If you know a little bit about cocktails, you can probably spout off the main whiskey in a Manhattan (rye) and an Old Fashioned (bourbon).
But could you actually tell the difference between the two whiskey flavors? Probably not, says a new study in the Journal of Food Science.
When scientists asked participants to organize whiskeys in a blind flavor test, they couldn’t sort the booze samples by type (bourbon or rye)—only by brand (like Jim Beam).
Distinguishing flavor is tricky because bourbon and rye both fall in the same whiskey family (alongside scotch and Irish). So you have to look for nuances, says Tim Harland, the vice president of sales and marketing at Grand Teton Distillery in Idaho.

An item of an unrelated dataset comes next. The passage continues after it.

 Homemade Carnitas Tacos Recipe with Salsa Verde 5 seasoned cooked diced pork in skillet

If you’re handed a highball glass from your girlfriend’s dad or from your boss at the next dinner meeting, here’s how to tell the difference between bourbon and rye to prove your whiskey prowess:
Bourbons have a sweeter, mellower undertone because they’re made from more corn than other whiskies. You’ll also pick up more of a caramel taste in bourbons, which comes from the oak barrels distillers use to age them.

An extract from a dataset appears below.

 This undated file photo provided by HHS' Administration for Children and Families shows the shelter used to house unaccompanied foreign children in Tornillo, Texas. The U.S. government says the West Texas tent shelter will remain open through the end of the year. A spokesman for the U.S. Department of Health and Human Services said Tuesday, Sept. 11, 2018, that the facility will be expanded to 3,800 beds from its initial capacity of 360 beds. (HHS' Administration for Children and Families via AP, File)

Ryes, meanwhile, are a bit spicier, dryer, and more full-bodied than bourbons.
But the best way to ID bourbon, rye, and other whiskeys is to keep trying different bottles, and take mental notes of what you taste.
“Each individual picks up different flavors in the same glass of whiskey,” Harland says. You may taste caramel while your buddy gets more vanilla on his tongue. The more types of whiskeys you taste straight, the more you’ll understand how their flavor profiles differ.